The tallest steel structure ever tested on a seismic simulator slowly swayed, rocked, and twisted during the experiment. This 10-story, approximately 30-meter-high building is being subjected to real earthquake scenarios, including the 1989 magnitude 6.9 Loma Prieta earthquake. The test is part of research to determine whether height restrictions for cold-formed steel (CFS) buildings can be increased.

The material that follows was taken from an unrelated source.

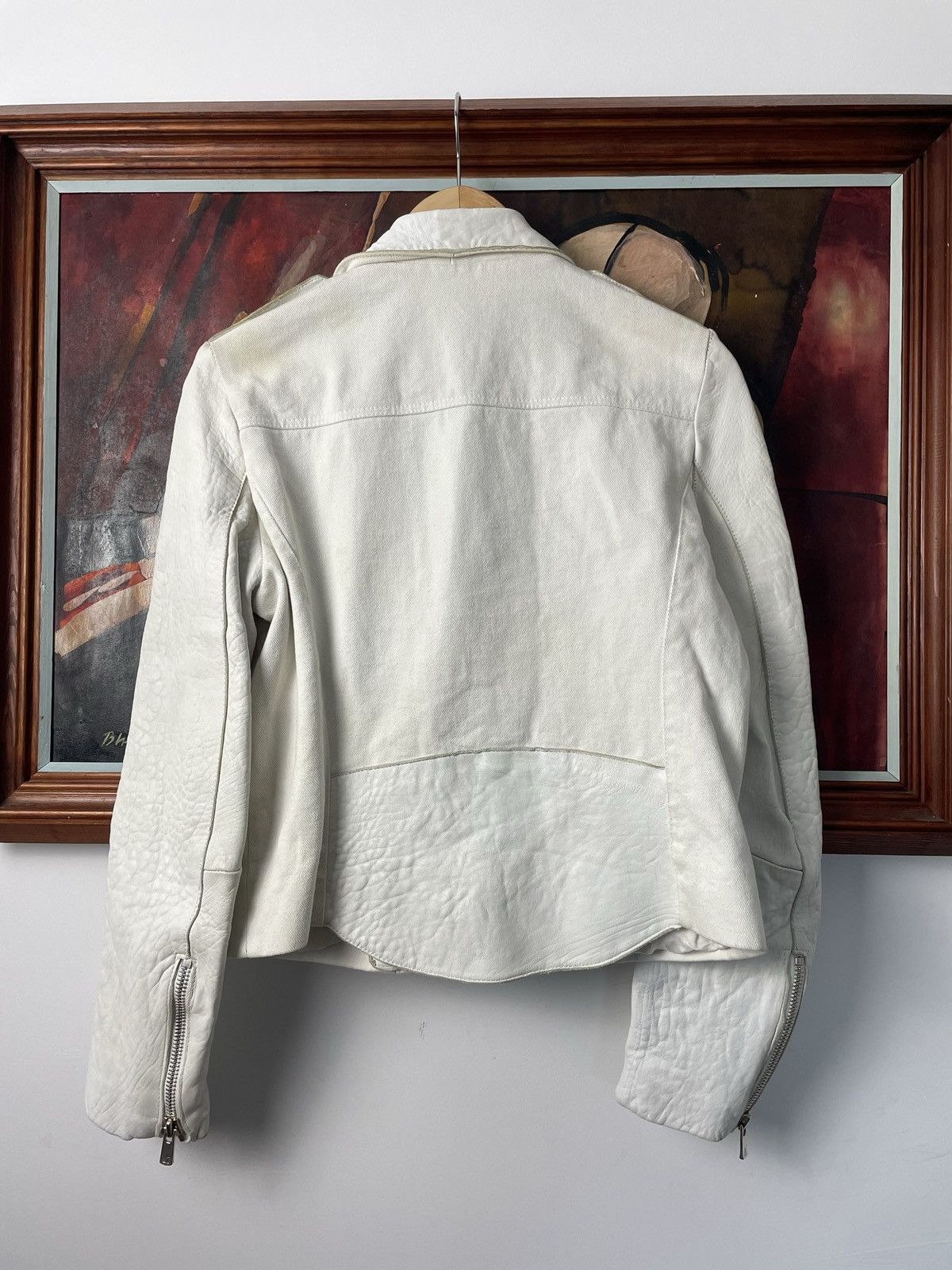 Sandro Sandro Paris Cream White Biker Leather Jacket Designer Rare Size M / US 6-8 / IT 42-44 - 3 Thumbnail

The testing is taking place on the seismic simulator (shake table) at the University of California San Diego, funded by the U.S. National Science Foundation. It is one of the three largest shake tables in the world and the only one located outdoors—an essential feature for testing buildings that exceed height limits. In fact, it is the only facility globally capable of testing structures taller than approximately 27m. Two years ago, researchers used this table to shake a ~35-meter-tall mass-timber building—the tallest structure ever tested on a seismic simulator at that time.
This year's focus is on cold-formed steel (CFS) construction. CFS is a lightweight, sustainable, and non-combustible material, with 60–70% recycled metal content. Current building codes limit such structures to about 19m (six stories), but researchers are investigating whether this can be raised to 10 stories (~30m), even in seismically active regions. Current test results indicate it is feasible.

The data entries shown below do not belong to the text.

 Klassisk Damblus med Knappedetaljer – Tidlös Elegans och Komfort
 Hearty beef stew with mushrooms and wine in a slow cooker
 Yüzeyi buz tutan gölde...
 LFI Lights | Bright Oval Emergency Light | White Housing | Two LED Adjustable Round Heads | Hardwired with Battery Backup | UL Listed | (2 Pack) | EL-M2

Project leader Tara Hutchinson, professor in the Department of Structural Engineering at UC San Diego, said: "The building performed exceptionally well. Despite undergoing 18 earthquakes of progressively increasing intensity—including three that exceeded the levels considered by design engineers—the load-bearing structural system remained intact." However, some damage to non-structural components was expected. The stairwells were designed to move with the building and remain usable.

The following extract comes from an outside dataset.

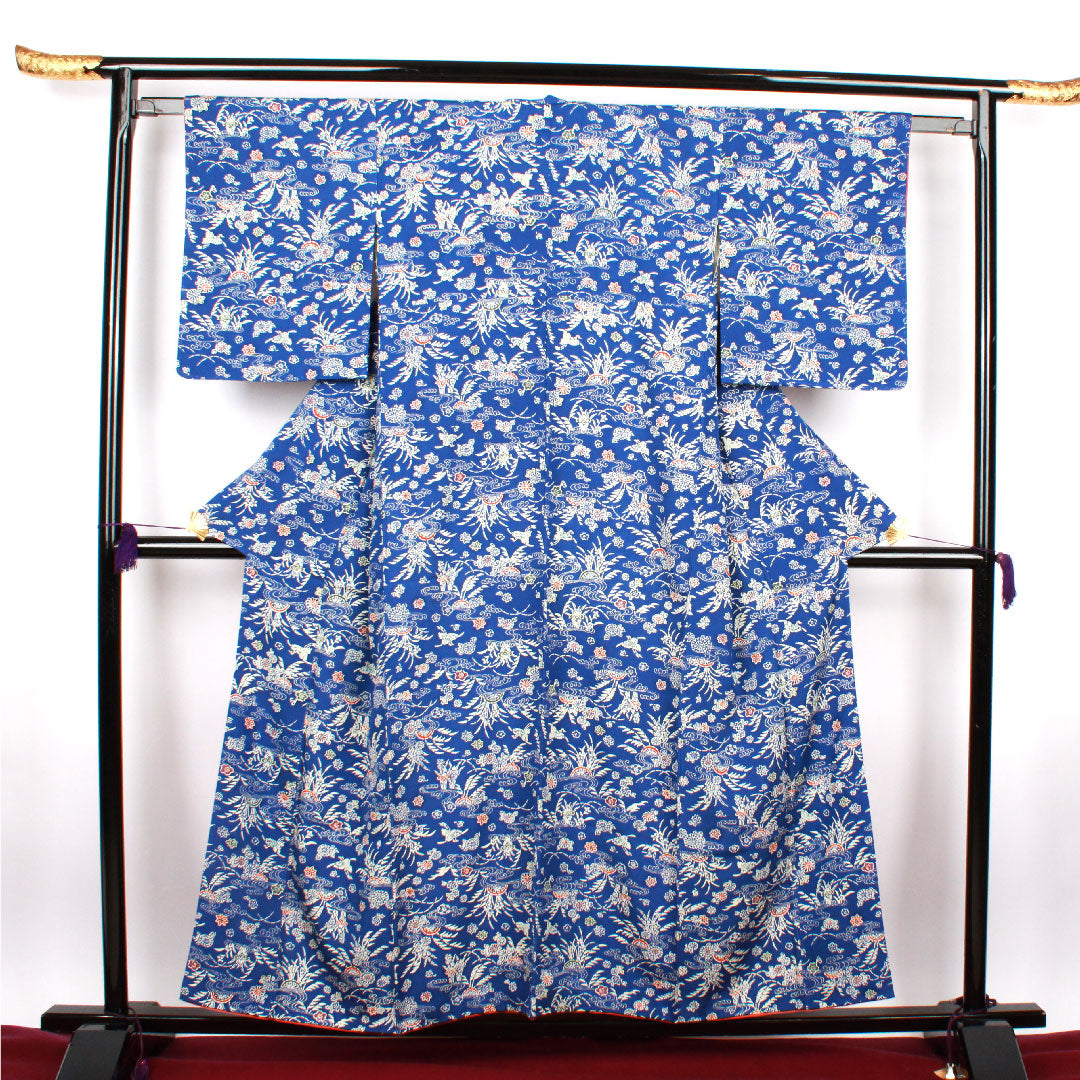 小紋 身丈157.5cm 裄丈61cm 袷 瑠璃紺色 型染 草花模様 正絹 Sランク 青系 1115002202317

Hutchinson also noted that nearly 1,000 sensors were installed throughout the building to measure responses in acceleration, displacement, and local strain. The resulting data will help refine building codes and support the construction of taller, lighter, and more resilient structures using this high-quality material. Because CFS is lightweight, it can be prefabricated into modular units and assembled like giant Lego blocks, significantly reducing construction time compared to building a frame from scratch. Hutchinson believes CFS offers numerous advantages that will benefit community resilience in the future.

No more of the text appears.